Lift out, unaltered, the lines of the material below between the line holding "Real estate agent" and the line holding "Drone shot with", counting both.

◆ **AVAILABLE DATA**:
--

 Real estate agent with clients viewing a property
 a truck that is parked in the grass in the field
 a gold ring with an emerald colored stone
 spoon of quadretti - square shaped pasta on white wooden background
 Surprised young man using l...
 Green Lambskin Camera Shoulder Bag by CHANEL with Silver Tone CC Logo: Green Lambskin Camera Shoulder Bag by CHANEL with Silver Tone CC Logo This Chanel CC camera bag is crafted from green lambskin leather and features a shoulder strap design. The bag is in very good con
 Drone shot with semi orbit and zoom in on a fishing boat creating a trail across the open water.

--

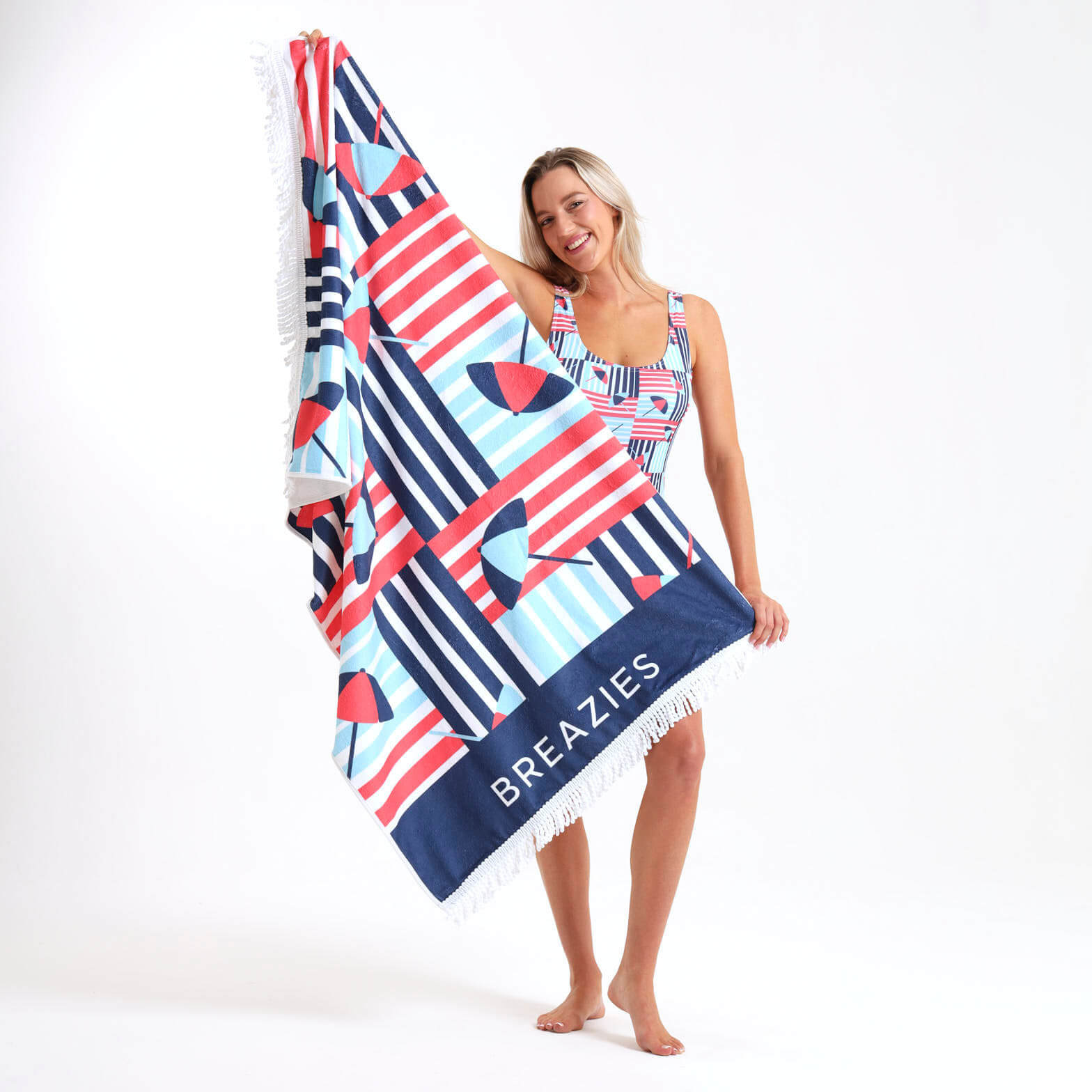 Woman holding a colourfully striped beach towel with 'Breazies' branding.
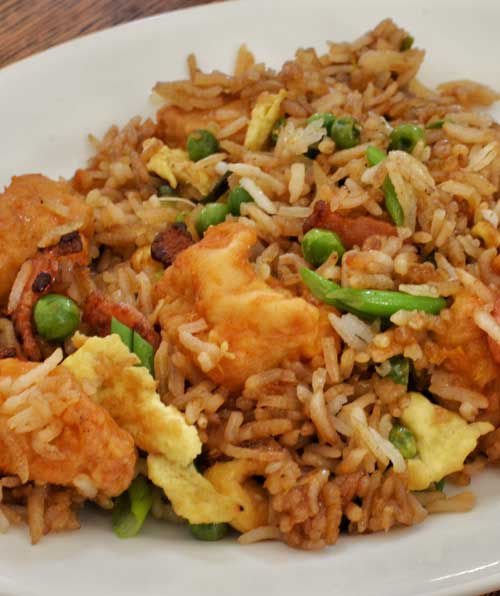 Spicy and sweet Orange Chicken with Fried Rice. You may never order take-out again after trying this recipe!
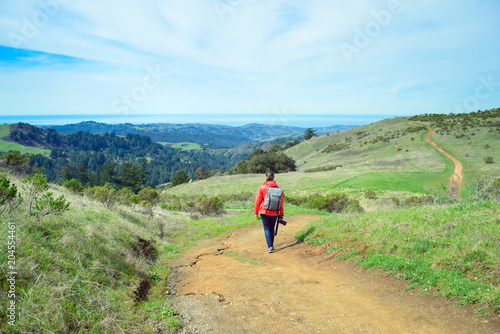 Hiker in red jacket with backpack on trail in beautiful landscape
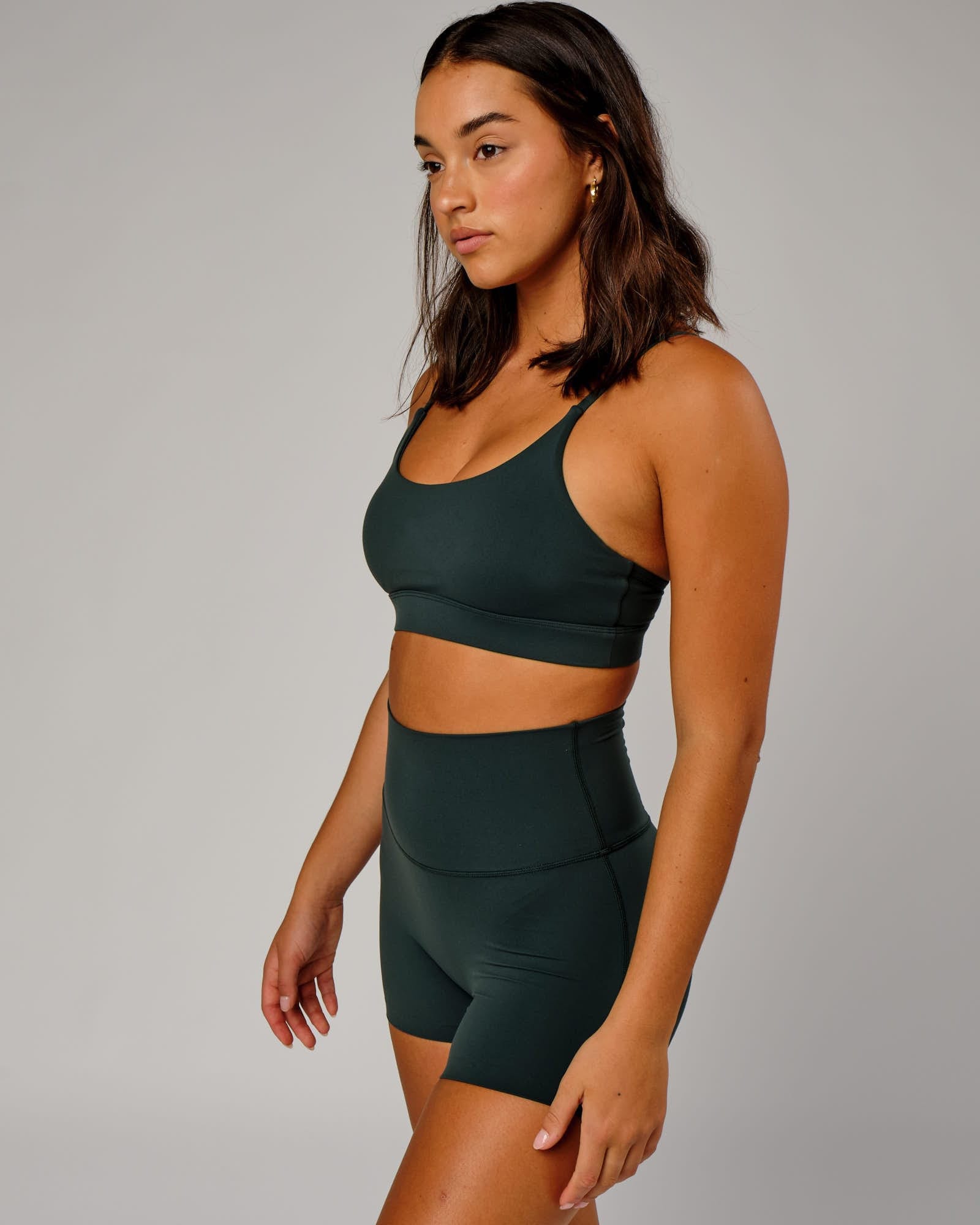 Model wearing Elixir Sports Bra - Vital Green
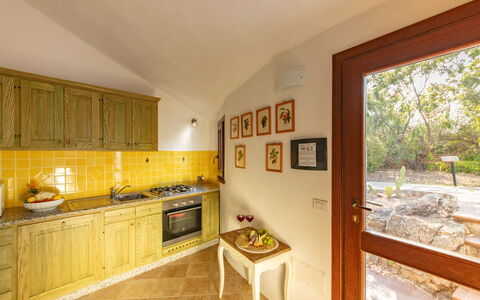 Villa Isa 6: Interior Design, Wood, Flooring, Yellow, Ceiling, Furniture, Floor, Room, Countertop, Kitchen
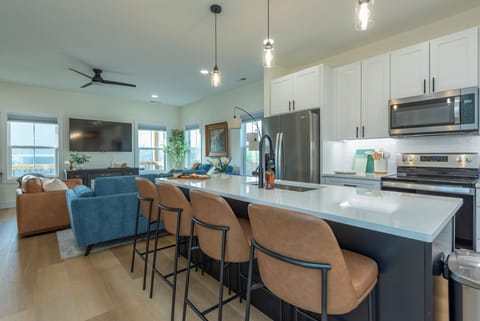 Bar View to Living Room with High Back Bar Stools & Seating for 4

--

◆ **REPLY**:
 Real estate agent with clients viewing a property
 a truck that is parked in the grass in the field
 a gold ring with an emerald colored stone
 spoon of quadretti - square shaped pasta on white wooden background
 Surprised young man using l...
 Green Lambskin Camera Shoulder Bag by CHANEL with Silver Tone CC Logo: Green Lambskin Camera Shoulder Bag by CHANEL with Silver Tone CC Logo This Chanel CC camera bag is crafted from green lambskin leather and features a shoulder strap design. The bag is in very good con
 Drone shot with semi orbit and zoom in on a fishing boat creating a trail across the open water.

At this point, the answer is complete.